Preface

The default benchmarking procedure descrived in the Benchmarking Results topic measures application-level latency and does not take into consideration time the incoming data spends in the network/kernel layer. The given approach lets analyzing critical path inside the processing machinery (Handler). However, an application may not receive incoming data as soon as it arrives. Thus, measured latency does not reflect the other important aspects like time data spends in the network adapter or a kernel.

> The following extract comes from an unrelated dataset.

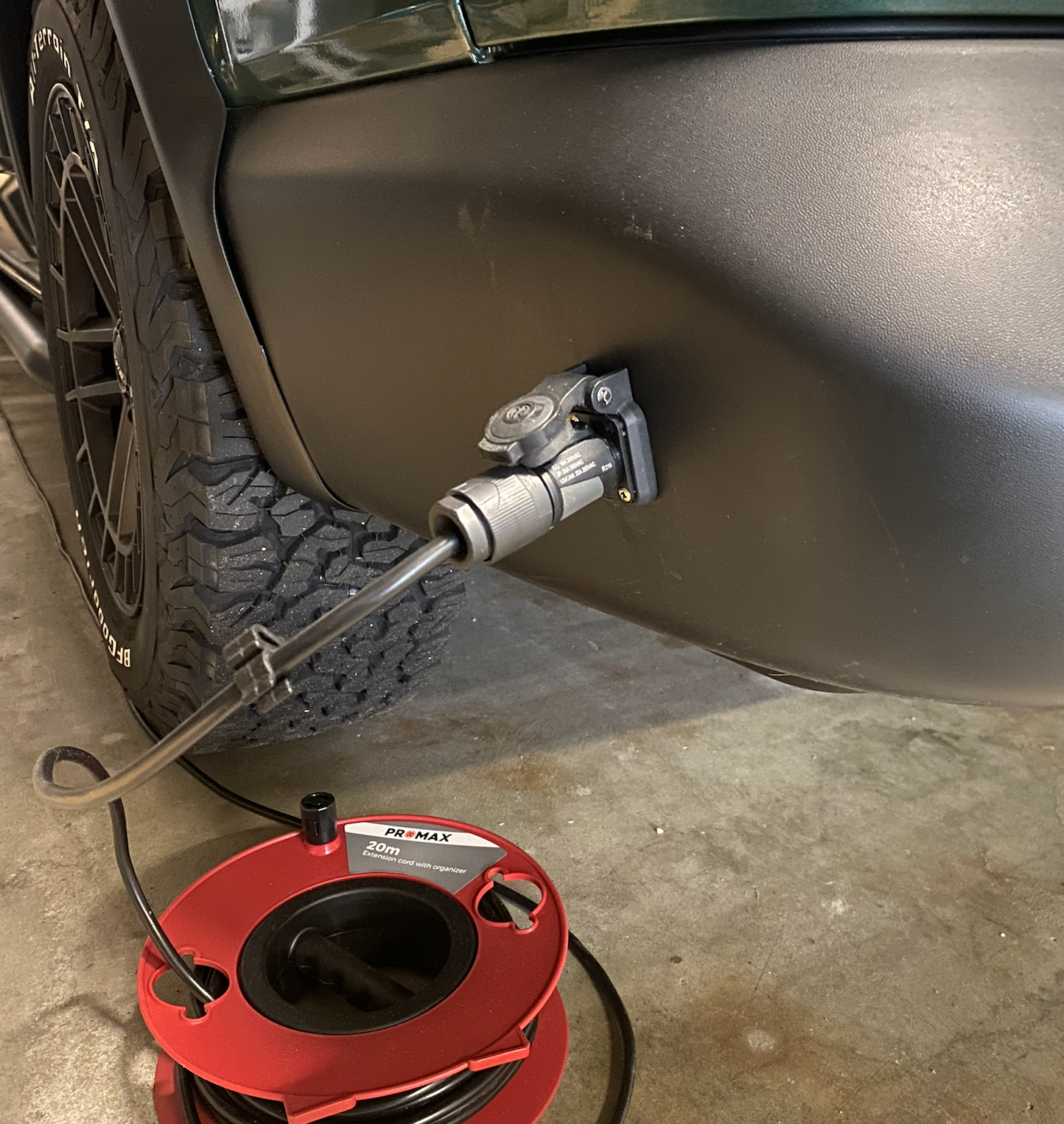 De zijbumper van een zwarte auto met een aangesloten stroomkabel; een rode verlengsnoerhaspel ligt op de grond.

In order to improve the analysis, the support of hardware timestamps has been added to the SDK. Hardware timestamps are assigned to the incoming packets as soon as they arrive at the network adapter. If hardware timestamps are taken as the initial point of the latency measurement, that lets to obtain a timespan starting from the moment the data arrived to the network card and to the moment the results of data processing are delivered to the user.

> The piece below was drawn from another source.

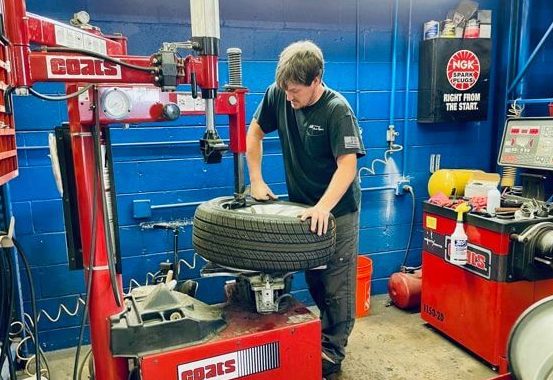 An ABS Unlimited auto technician repairs a tire | tires and tire services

The following tables depict the results of benchmarking using the regular (application-only) approach and compares them with the results obtained with the help of hardware timestamps. Also, the measurements were taken for the two major implementations of the Feed Engine machinery exposed by the SDK and encapsulated into OnixS::CME::ConflatedUDP::SocketFeedEngine and OnixS::CME::ConflatedUDP::SolarflareFeedEngine classes which use ordinary sockets and the Solarflare ef_vi SDK correspondently. Additionally, a socket-based feed engine was benchmarked in the OpenOnload environment to depict the actual benefits of using the OpenOnload for ordinary (socket-based) solutions.

Application-Level Only With 5 Milliseconds Delay Between Packets

Statistics	Latency (μs)
Statistics	SocketFeedEngine	SolarflareFeedEngine
Minimal	0.993	0.856
Median	1.144	1.017
Mean	1.203	1.071
95%	1.493	1.383
99%	2.047	1.830
Maximal	14.344	14.680

With Network/Kernel-Layer And 5 Milliseconds Delay Between Packets

Statistics	Latency (μs)
Statistics	SocketFeedEngine	SolarflareFeedEngine
Minimal	14.007	2.190
Median	52.087	2.664
Mean	48.853	2.709
95%	55.894	3.152
99%	60.966	3.798
Maximal	79.933	16.385

Application-Level Only Without Any Delay Between Packets

Statiscits	Latency (μs)
Statiscits	SocketFeedEngine	SocketFeedEngine+Openonload	SolarflareFeedEngine
Minimal	0.507	0.533	0.600
Median	0.667	0.693	0.714
Mean	0.739	0.765	0.778
95%	1.156	1.113	1.067
99%	1.564	1.560	1.490
Maximal	14.019	14.617	14.756

With Network/Kernel-Layer And Without Any Delay Between Packets

Statiscits	Latency (μs)
Statiscits	SocketFeedEngine	SocketFeedEngine+Openonload	SolarflareFeedEngine
Minimal	10.786	3.235	1.925
Median	12.610	4.148	2.353
Mean	12.676	4.267	2.377
95%	14.238	5.260	2.853
99%	15.562	9.407	3.310
Maximal	64.169	22.261	16.210

Conclusions and Important Notes

Using hardware timestamps brings kernel/hardware latency into overall measurements and thus allows performing analysis more precisely. For example, as depicted by the tables above, application-only latency is similar to the major implementations of the Feed Engine exposed by the SDK. However, using hardware timestamps shows the real benefits of using kernel-bypass solutions like the OpenOnload is. Moreover, it depicts in numbers the advantage of using specialized solutions like Solarflare ef_vi SDK while working with multicast data.